Meanwhile, licensing revenues are expected to be flat this year, as growth in global product licenses is offset by the planned termination and downsizing of Japanese non-apparel licences.
The firm said that the phasing of revenue and investment is expected to lead to lower operating margins in retail and wholesale in the first half of this year (ending September 2012). For the full year 2012/13 though, it expects "modest improvement" in margin.
REINVESTING FOR THE FUTURE A net 15 mainline stores are planned for the current year and capital expenditure should increase from £153m to £180-200m as retail space is expected to grow by 12-14%. Analysts at brokerage Nomura said this morning that it would maintain its current-year forecasts following the statement and reiterated its buy recommendation for the stock. "Strong returns and pricing power give [Burberry the] confidence to accelerate investment," they said.

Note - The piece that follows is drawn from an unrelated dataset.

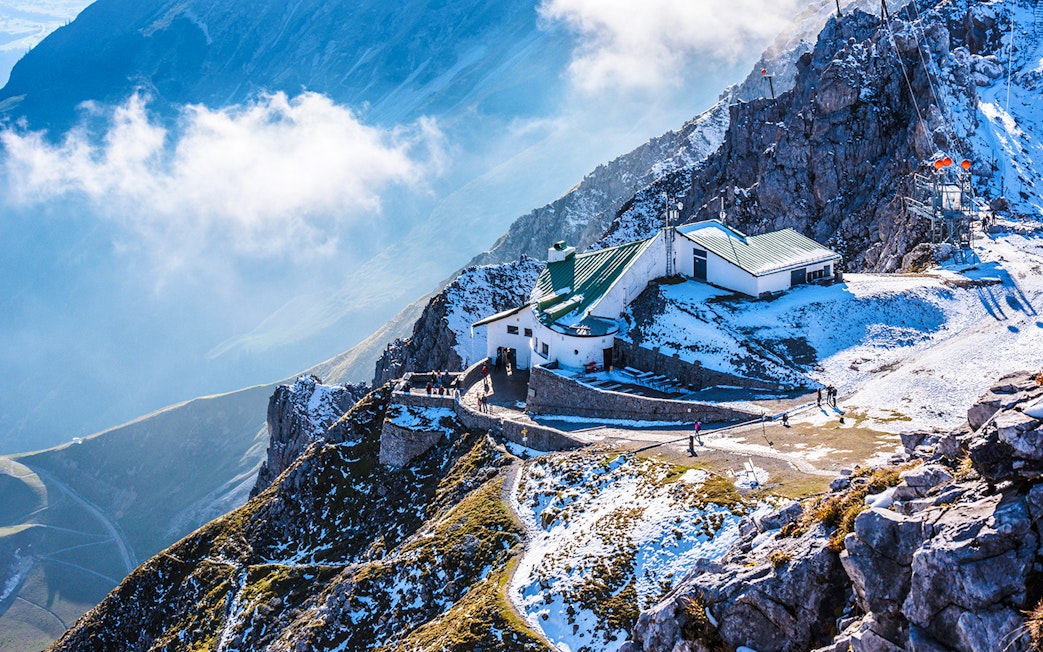 Hafelekar mountain station in Austria with snowy peaks and visitors exploring.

The full-year dividend was raised from 20p to 25p, slightly ahead of the 24.58p consensus estimate. "While we remain vigilant about the external environment, we will continue to invest in front-end opportunities within our brand, digital and retail strategies, to drive sustained, profitable growth and enduring customer engagement over the long term," said Chief Executive Officer Angela Ahrendts.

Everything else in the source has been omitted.